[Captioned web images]
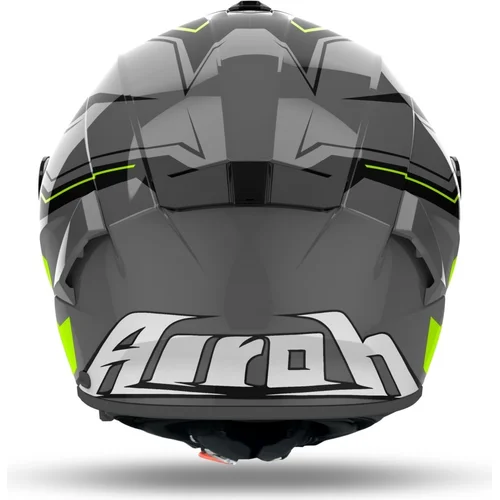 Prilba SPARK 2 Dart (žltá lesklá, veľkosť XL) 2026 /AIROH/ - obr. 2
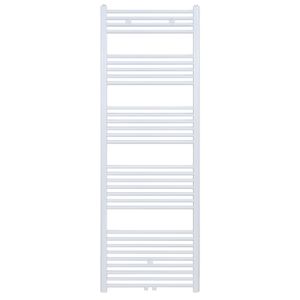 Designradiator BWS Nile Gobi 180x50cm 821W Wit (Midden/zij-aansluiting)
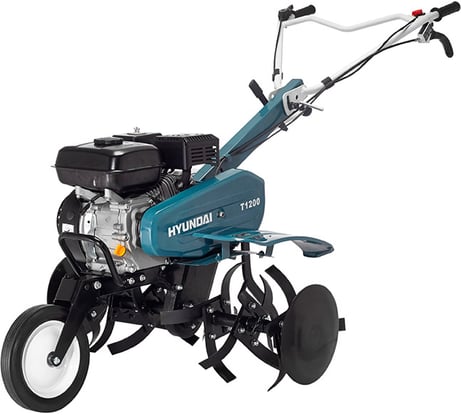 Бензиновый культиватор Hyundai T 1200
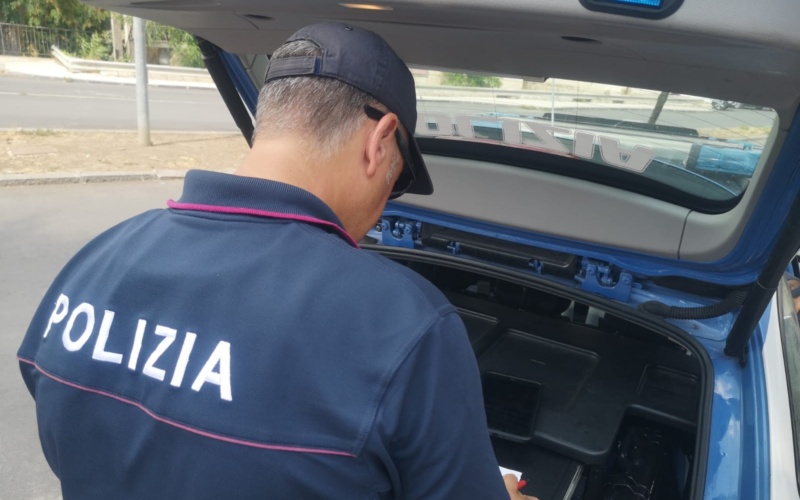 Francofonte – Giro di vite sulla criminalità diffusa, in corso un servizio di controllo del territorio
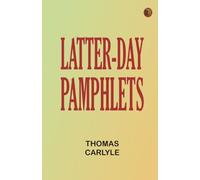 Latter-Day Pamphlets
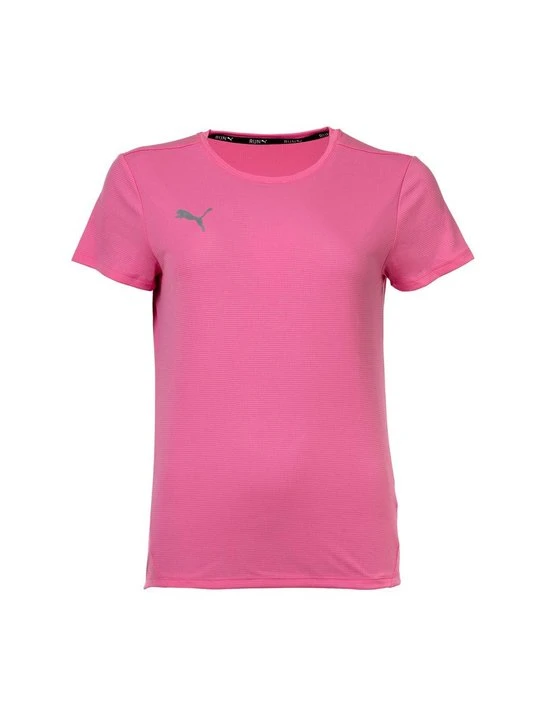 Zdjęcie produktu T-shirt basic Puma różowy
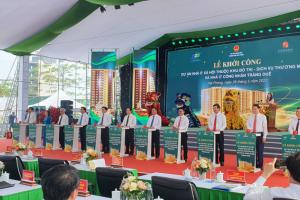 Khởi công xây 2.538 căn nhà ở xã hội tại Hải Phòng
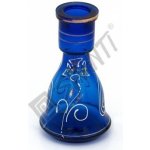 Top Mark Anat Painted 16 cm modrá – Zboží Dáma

## Exercise prompt
Produce an exact copy of the lines from the line with "Latter-Day Pamphlets" through the last line of the data above, both ends included. No pictures belong in it.

## Solution for this problem
 Latter-Day Pamphlets
 Zdjęcie produktu T-shirt basic Puma różowy
 Khởi công xây 2.538 căn nhà ở xã hội tại Hải Phòng
 Top Mark Anat Painted 16 cm modrá – Zboží Dáma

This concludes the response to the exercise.